_Problem description_: In the records below, find the line holding "Pink IMP Printed Checks Shirt" and the line holding "TECHGEAR iPhone 15". Set down both, with every line between them, exactly.

_Data_:
↓↓↓

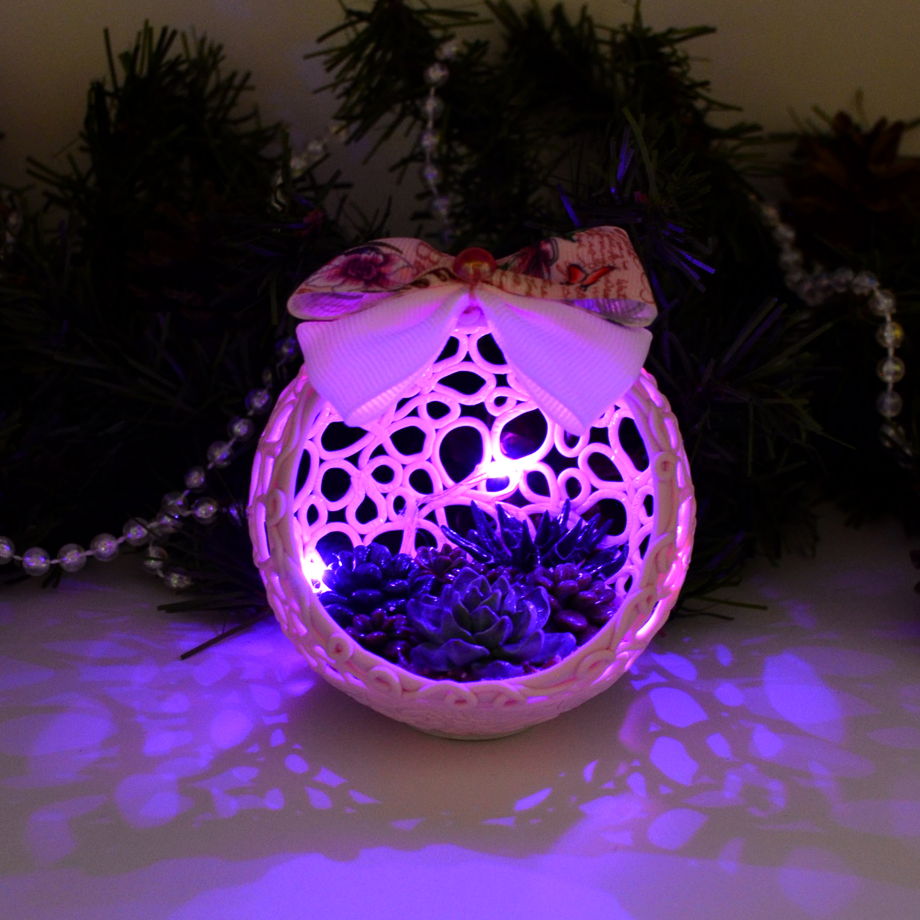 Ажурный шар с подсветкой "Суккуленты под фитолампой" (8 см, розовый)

↑↑↑
↓↓↓

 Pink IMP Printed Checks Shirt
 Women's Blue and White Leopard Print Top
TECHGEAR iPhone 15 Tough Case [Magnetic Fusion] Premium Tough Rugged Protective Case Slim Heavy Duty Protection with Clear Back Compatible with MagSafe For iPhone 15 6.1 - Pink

↑↑↑
↓↓↓

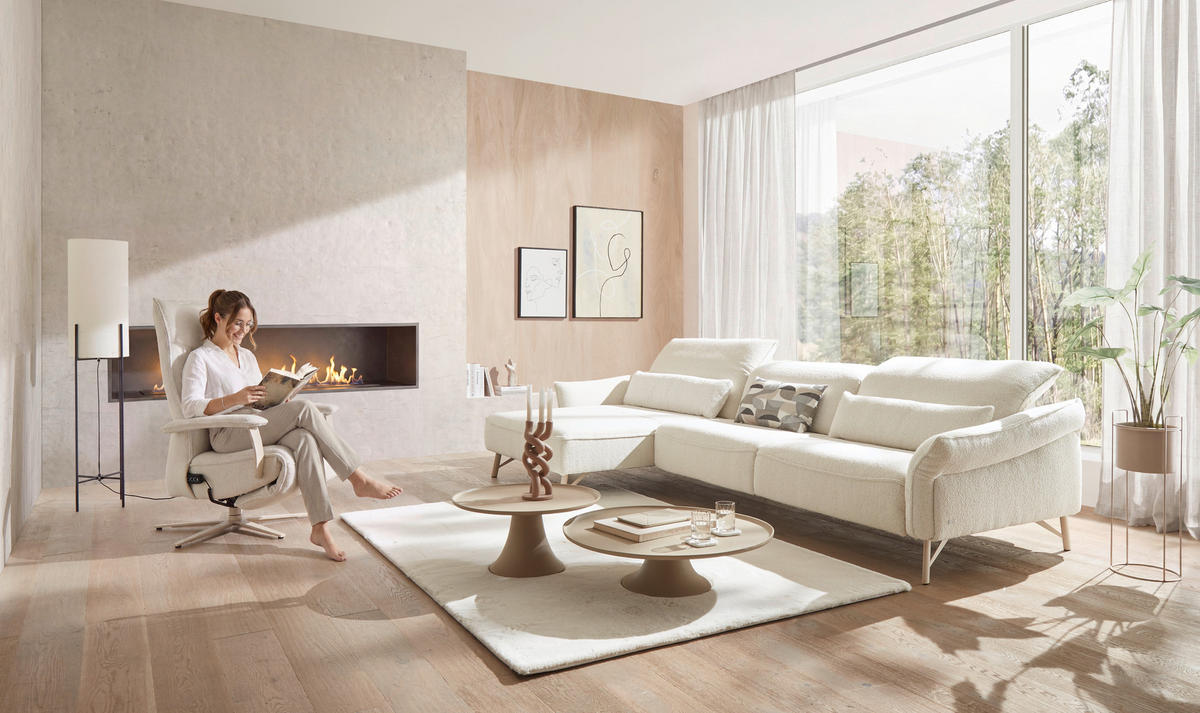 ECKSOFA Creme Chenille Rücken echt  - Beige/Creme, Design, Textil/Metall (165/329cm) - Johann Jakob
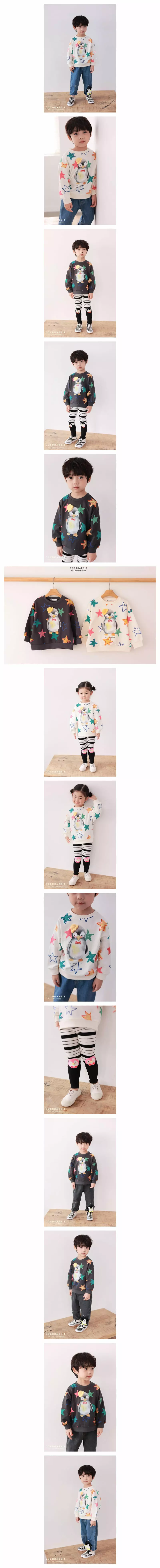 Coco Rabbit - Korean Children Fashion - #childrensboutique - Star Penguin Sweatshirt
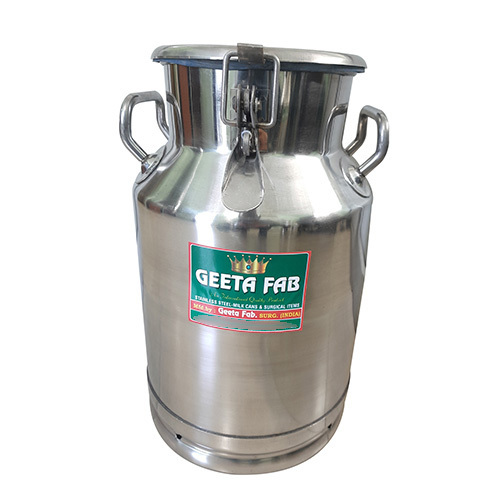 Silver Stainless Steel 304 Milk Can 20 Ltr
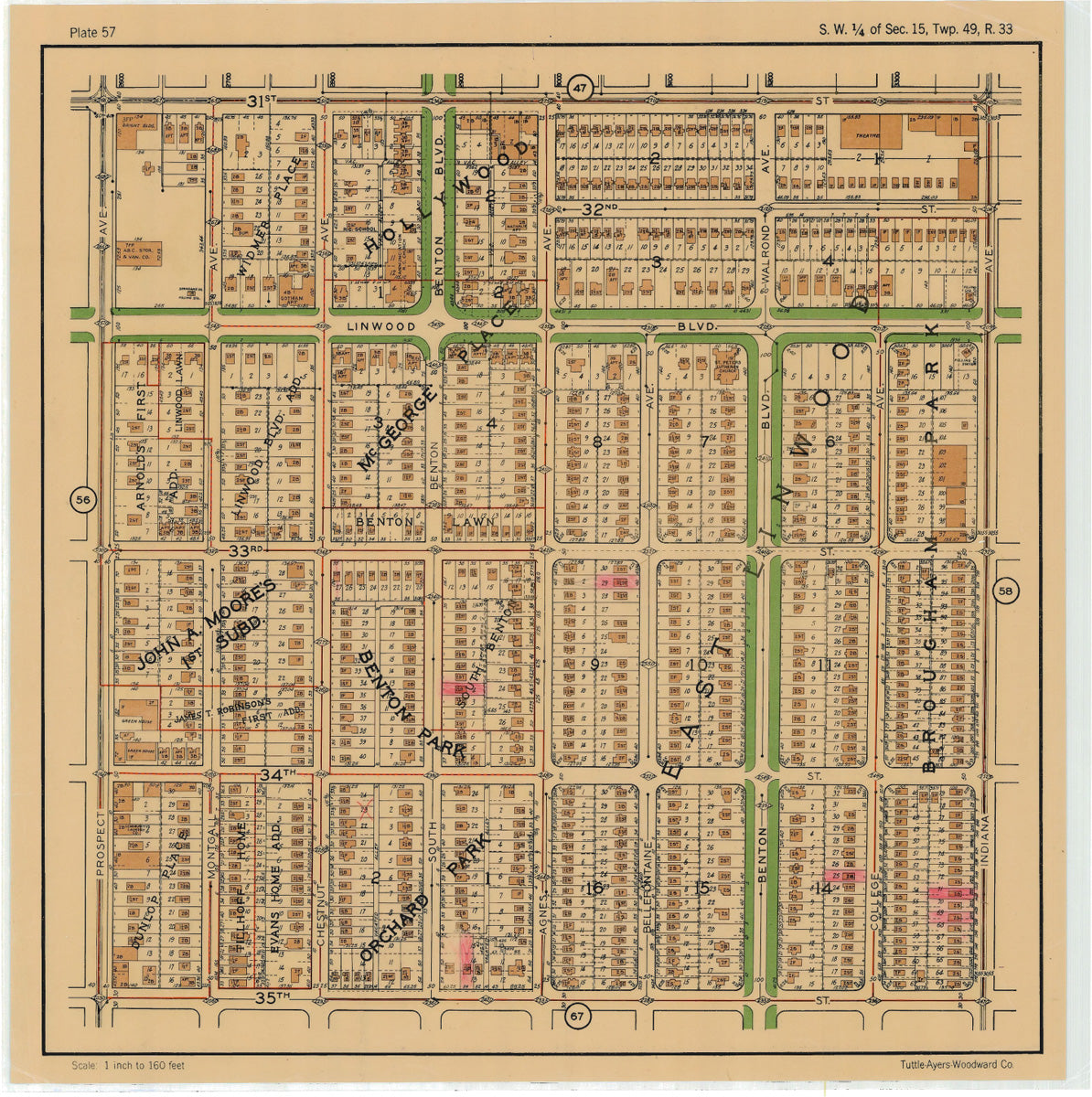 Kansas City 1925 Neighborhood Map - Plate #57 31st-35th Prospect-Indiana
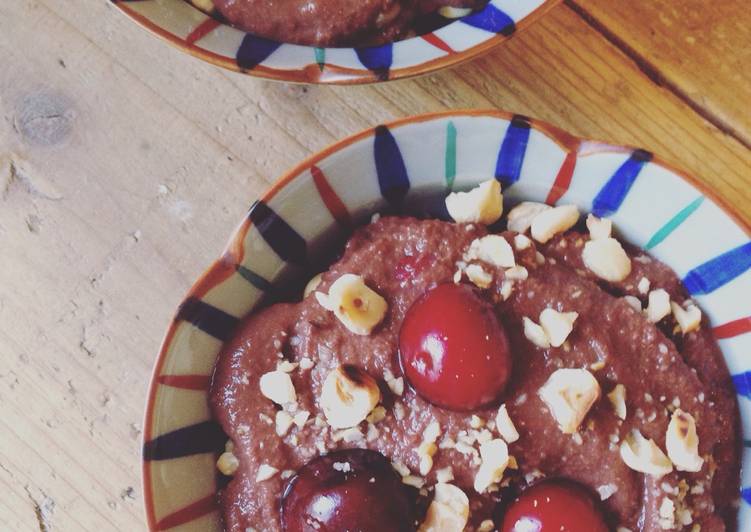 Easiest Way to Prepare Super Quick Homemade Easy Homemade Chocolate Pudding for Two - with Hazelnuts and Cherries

↑↑↑

_Result for this exercise_:
 Pink IMP Printed Checks Shirt
 Women's Blue and White Leopard Print Top
TECHGEAR iPhone 15 Tough Case [Magnetic Fusion] Premium Tough Rugged Protective Case Slim Heavy Duty Protection with Clear Back Compatible with MagSafe For iPhone 15 6.1 - Pink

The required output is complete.